> _PROBLEM STATEMENT_
The line with "Eléctrico - 4" starts the range, and the last line of the listing ends it. Retype that range exactly, without pictures.

> _DATASET SECTION_
===============
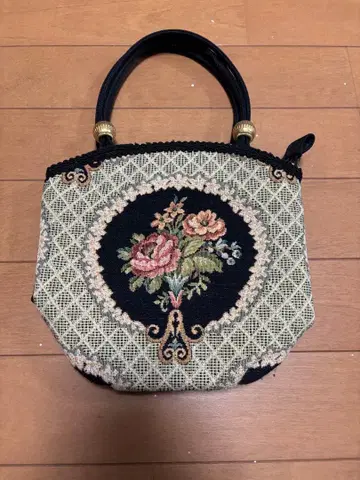 꽃무늬 자수 핸드백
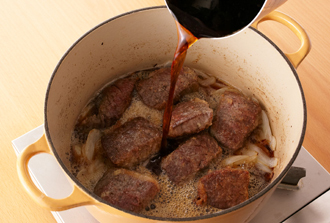 鍋に残りのバターを入れ、玉ねぎを炒める。薄く色づいてきたら牛肉を戻し入れ、黒ビール、水を加える。煮立ってから30分ほど弱めの中火で煮込む。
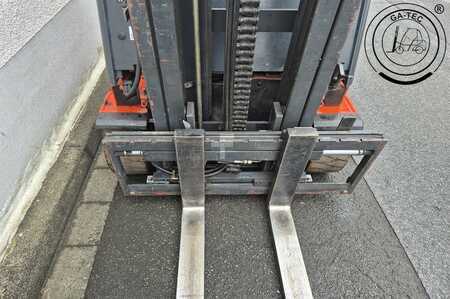 Eléctrico - 4 rodas 2005  Linde E18P-02 (6)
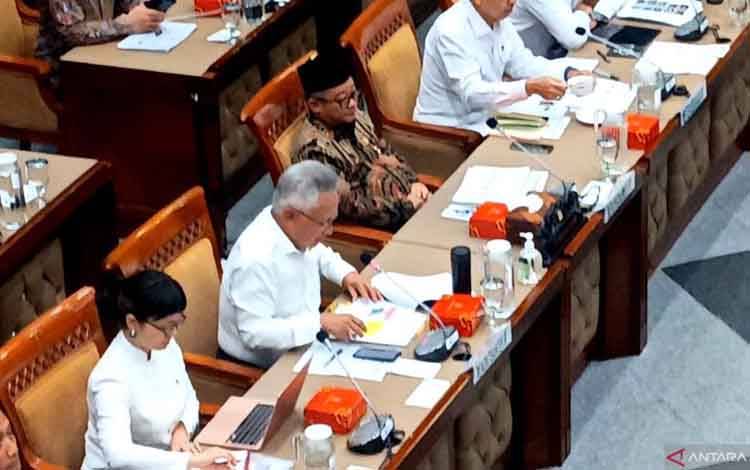 Mendiktisaintek Buka Suara Terkait Program Sekolah Unggulan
===============
> _TASK SOLUTION_
 Eléctrico - 4 rodas 2005  Linde E18P-02 (6)
 Mendiktisaintek Buka Suara Terkait Program Sekolah Unggulan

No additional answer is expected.